The following four posts are going to detail some of our mistakes, or maybe we should just call them do-overs.

Or as we've taken to saying, "live and learn".

#1 - Exterior Lights
We started out wanting the house to nod at modern / contemporary touches so when it came time to choose the light fixtures for the garage and other exterior doors we focused mainly on lights that had modern lines.  Rob really wanted them to have light sensors so they would automatically go on at dusk and off at dawn.  We found some online, that seemed to meet the criteria but the ORB finish was over $100 each and we needed SEVEN so that was unrealistic.  Then, thanks to Google, I found the exact same light fixture on sale with free shipping.  The problem was they were brushed nickel which would not show up on our house.  I'd seen enough DIY shows and read enough blogs to know that you can spray paint your light fixtures if the existing color doesn't work for you.  So, I jumped the gun and put in the order.

When they came my heart sunk.  They were so much smaller than I expected (even though I have a measuring tape).  And what looked like a cool modern design online didn't really look like much in person.

I SHOULD HAVE sent them back then and there.  But I thought, no we paid for them and once they are painted ORB they will show up better and have a stronger appearance.

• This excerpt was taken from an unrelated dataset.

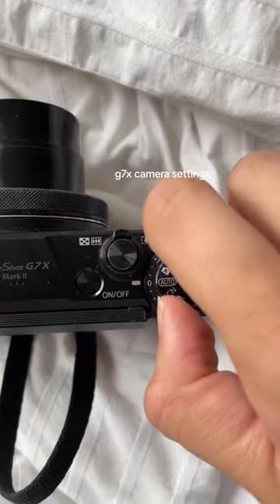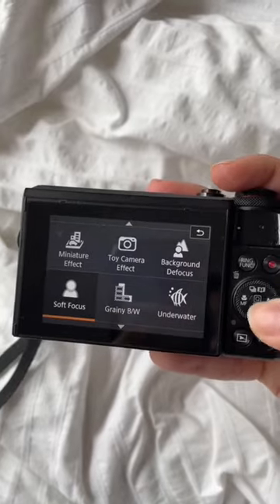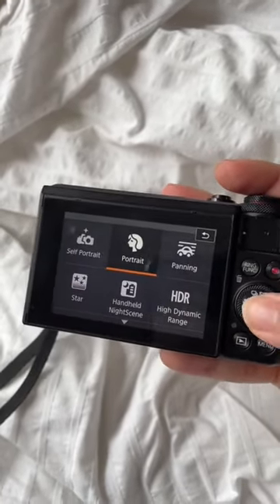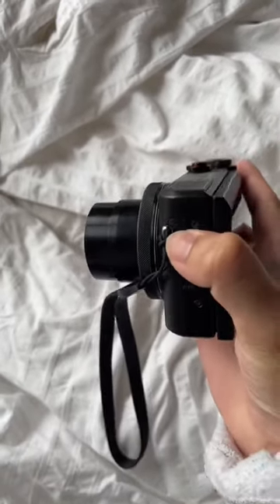The G7X has been trending all over TikTok, so I'm going to show you guys the settings I use to get those flash photos that all the influencers are doing. So I'm going to go into scene, and there's a bunch of different modes you can try out, but I think portrait mode is the best to get that airbrush skin kind of edited, but really clean and natural.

So I bought some bronze spray paint, took two of them apart and proceeded to start painting.

The finish was brown (more like tan) but it was still not dark enough to show up on the stucco, but I wasn't ready to give up yet.  So, I went and bought some black spray paint thinking that if they were painted black first and then hit lightly with the bronze that would give me the look we wanted.  Nope.  The bronze spray paint covered the black and made it too light again.

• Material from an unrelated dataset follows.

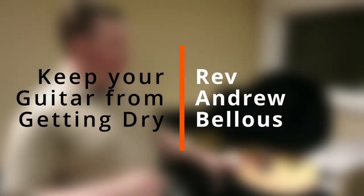Hello, my name is Andrew, and I'd like to take a minute to talk to you about keeping your guitar from getting too dry. This is my guitar, and I keep it moist with a couple of simple do-it-yourself tools that are very inexpensive.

So, did I give up and ship the other lights back?

NO!  That would be too sensible.

Rob and I dismantled all of them, created a spray station and proceeded to paint them all black.  Which was actually lovely until we tried to reassemble them.  We tried and tried and tried to put them back together the same way they came (until Rob cracked one).  Originally there was a ring of silicone at the top and the bottom of the glass.  We weren't sure if it was there to keep water out or just to act as a buffer between the glass and the metal, but no matter how hard we tried we could not get it together with both parts.  Rob finally made an executive decision that the top ring was the most important because that would protect the actual electrical parts from the weather.

So we put them together and took one of them up to the house to look at next to the stucco.  The black worked, but the size hadn't changed at all (hahah they were still barely 11" tall regardless of the color).  They were so small as to almost be inconsequential next to the garage doors.

Our compromise was to use them on the doors coming out of the basement into the backyard and on the man door from the garage.  I went out hunting at Lowe's and Home Depot for a better option.  We didn't have time to look online anymore because the electricians were ready to start installing our lights.

I found two possible options, sent pictures of them to Rob (who was in Orlando working at the time) and we made a decision.  I brought them up to the house and kept my fingers crossed that they would be large enough, that the colors would work and that the style wouldn't distract from the house.  It's not the vision we started out with, but I actually quite like them.  This end result turned out better than planned.

In fact, we may replace the small light fixture by the man door with the smaller matching light from Lowe's since it is in the same line of sight as the light fixtures by our garage doors.  The only thing Rob is disappointed about is that they aren't Dusk to Dawn.